Taken at the Flood is a work of detective fiction by Agatha Christie and first published in the US by Dodd, Mead and Company in 1948 under the title of There is a Tide... and in UK by the Collins Crime Club in the November of the same year under Christie's original title. The UK edition retailed at eight shillings and sixpence. It features her famous Belgian detective, Hercule Poirot and is set in 1946.

Plot introduction

While visiting the Coronation Club, Hercule Poirot hears Major Porter talking about Gordon Cloade, who has been killed along with almost his entire household during the Blitz. He has been survived only by his young widow and her brother, but there is a complication. Apparently, Porter knew Robert Underhay, the widow’s first husband, in Africa, and remembers his suggesting that he would deliberately disappear in order to set her free from the marriage without the shame of a divorce.

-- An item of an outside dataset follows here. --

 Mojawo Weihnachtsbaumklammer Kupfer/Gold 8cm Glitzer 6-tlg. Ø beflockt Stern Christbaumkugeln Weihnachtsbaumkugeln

Before his disappearance, Underhay joked that he will subsequently adopt the name “Enoch Arden” in homage to the poem by Tennyson with a similar theme. Overhearing the same anecdote, Jeremy Cloade storms out angrily.

Two years later, in 1946, Poirot is visited by Katherine Cloade, who wishes him to investigate the whereabouts of Robert Underhay, evidently with a view to breaking the will. He refuses, but later notices the death notice of someone called Enoch Arden who was living in the same village as the Cloade family. He sets out to investigate.

Plot summary

After the Prelude, the novel flashes back from late Spring to early Spring, when Lynn Marchant, newly demobilised from the Women's Royal Naval Service, has found difficulty settling back into the village life of Warmsley Vale. She is engaged to Rowley, one of several member of the Cloade family living in the area. Each of them had grown dependent on regular gifts of money from Gordon Cloade, an old bachelor who had been expected to die and leave his fortune to them. Shortly before his death, however, he had married Rosaleen, and the fact that she inherited his fortune means that they are all facing financial crises. Rosaleen’s fortune is jealously guarded by her brother, David, and although various members (including Lynn’s mother, Adela) manage to wheedle small sums out of Rosaleen, David refuses outright to help Frances Cloade, whose husband Jeremy is on the brink of complete ruin.

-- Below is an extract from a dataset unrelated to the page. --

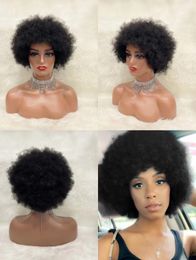 Korte Afro Kinky Krullend Pixie Cut Pruik Met Pony Ombre Kleur Menselijk Haar Machine Gemaakt Kant Pruiken Voor Vrouwen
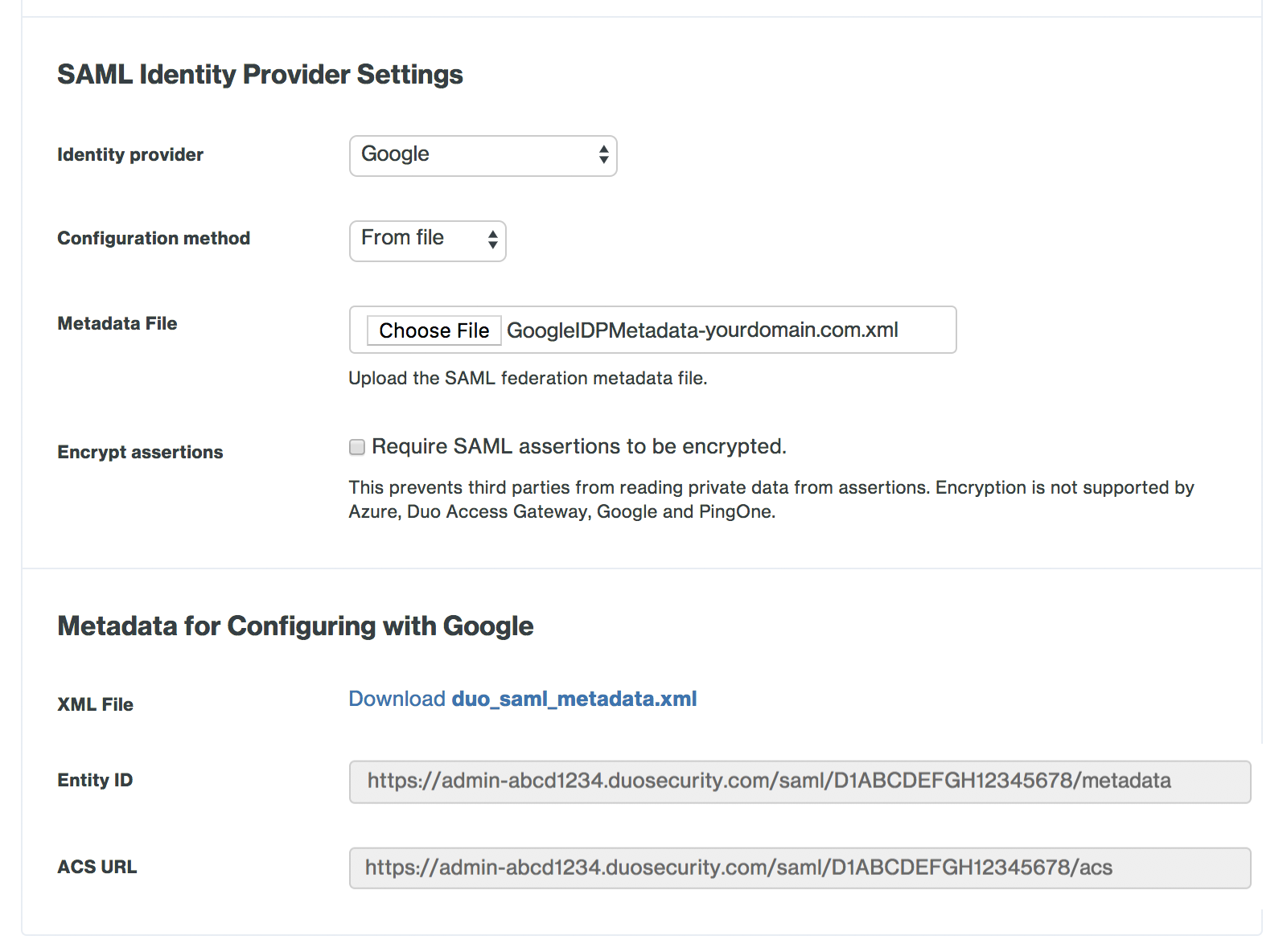 Duo Admin Panel Google SAML Identity Provider Settings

The arrival in the village of a man calling himself Enoch Arden changes things significantly. Arden attempts to blackmail David Hunter by saying that he knows how to find Rosaleen’s first husband, Robert. Their conversation at the Stag pub is overheard, however, by Beatrice Lippincott, who immediately tells Rowley Cloade. Later, the body of Arden is discovered in his room with his head smashed in.

Rowley Cloade appeals to Poirot to prove that the dead man was Robert Underhay and, remembering Major Porter, the detective is delighted to produce the witness. At the inquest, and despite Rosaleen’s protests that the dead man was not Robert, Porter confirms that the dead Enoch Arden was indeed her first husband. The estate will now revert to the Cloades.

Rosaleen has an apparently strong alibi for the time of the murder since she was in the London flat that evening. David, however, has only a weak alibi: down from London for the day, he has met Lynn on his dash to catch the last train to London leaving at 9.20 pm, and has subsequently evidently telephoned her from the London flat shortly after 11 pm. Since the murder is believed to have taken place shortly before 9 pm, he has enough opportunity and motive to be arrested for the murder.

David’s alibi improves, however, when it is discovered that a heavily made-up woman in an orange headscarf was seen leaving Arden’s room at past 10 pm. The attention of the investigation shifts back to the female Cloades, but Poirot quietly discovers that the immediate cause of Arden’s death may have been smashing his head against a heavy marble mantelpiece. The appearance of a murder may have been created after some form of accidental death.

The behaviour of the suspects becomes erratic. Lynn, though engaged to Rowley, seems to be in love with David. There is a suggestion that Rowley is attracted to Rosaleen, who herself for some reason seems to be eaten up with guilt and fear. Major Porter apparently commits suicide but leaves no note. Subsequent to Porter’s death, it comes to light that Arden was in fact Charles Trenton, second cousin to Frances Cloade. She had come up with the plan to blackmail Rosaleen having heard the story of Major Porter’s anecdote from Jeremy. Although this explains the identity of Enoch Arden, it does little to clarify who killed Arden or who bribed Major Porter to give a false identification of the corpse.

Rosaleen herself is discovered to have died in her sleep from an overdose. Spence suggests that perhaps she has been the murderer all along; the police have been so focused on David’s alibi that they subjected hers almost to no scrutiny.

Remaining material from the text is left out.